After an hour, preheat oven to 350. Then, take the remaining egg white and whisk it until it is frothy. Prep the pecans if needed (I needed to chop mine more than they came because I wanted finer bites). Then, roll the dough into one inch balls. Coat each ball in the egg white, then roll in it the pecans. Next, place balls on a parchment paper lined cookie sheet. Taking a clean round teaspoon, make a small indent in the center of the cookie with the back side of the spoon on each ball.
Bake at 350 for 12 minutes. While the cookies are baking, begin to prepare the caramel filling. In a microwave safe bowl, add the caramel candies to the heavy cream. Melt the mixture in the microwave using 30 second intervals, stirring in between, until creamy.

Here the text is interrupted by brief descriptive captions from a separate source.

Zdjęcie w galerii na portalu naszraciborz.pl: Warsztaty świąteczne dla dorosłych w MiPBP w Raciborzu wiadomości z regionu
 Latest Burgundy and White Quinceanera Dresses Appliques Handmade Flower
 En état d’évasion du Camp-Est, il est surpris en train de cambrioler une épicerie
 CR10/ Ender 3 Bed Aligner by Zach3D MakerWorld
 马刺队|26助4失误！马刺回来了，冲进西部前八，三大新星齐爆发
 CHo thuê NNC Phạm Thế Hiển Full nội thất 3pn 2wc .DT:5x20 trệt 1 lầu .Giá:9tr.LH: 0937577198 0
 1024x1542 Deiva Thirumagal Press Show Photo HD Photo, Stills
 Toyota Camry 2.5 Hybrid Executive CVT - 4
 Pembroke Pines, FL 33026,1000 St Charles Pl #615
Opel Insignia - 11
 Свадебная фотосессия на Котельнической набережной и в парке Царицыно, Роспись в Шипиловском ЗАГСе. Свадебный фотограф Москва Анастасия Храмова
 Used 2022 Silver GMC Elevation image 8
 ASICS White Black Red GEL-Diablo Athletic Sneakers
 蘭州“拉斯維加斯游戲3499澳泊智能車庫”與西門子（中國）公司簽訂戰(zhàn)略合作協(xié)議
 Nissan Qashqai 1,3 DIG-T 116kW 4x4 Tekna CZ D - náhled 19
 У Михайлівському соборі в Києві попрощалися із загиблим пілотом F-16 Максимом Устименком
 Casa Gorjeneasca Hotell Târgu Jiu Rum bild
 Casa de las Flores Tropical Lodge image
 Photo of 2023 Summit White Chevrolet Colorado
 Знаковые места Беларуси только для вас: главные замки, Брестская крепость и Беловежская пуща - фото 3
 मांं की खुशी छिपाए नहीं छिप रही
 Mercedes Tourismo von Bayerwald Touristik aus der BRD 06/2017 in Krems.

When the cookies are finished, use the teaspoon again to make a defined indentation in the center. Drop about a teaspoon of caramel sauce into each cookie’s center.
Now, if you desire, is the time to prep the chocolate drizzle. Same concept as above, add the chocolate chips to a microwave safe bowl with coconut oil and melt in 30 second intervals until smooth. Add chocolate to a ziplock baggie and barely snip off the corner of the bag. Pipe the chocolate onto the cookie in a checkered pattern.
Let refrigerate for twenty minutes before serving to allow everything to set. Enjoy!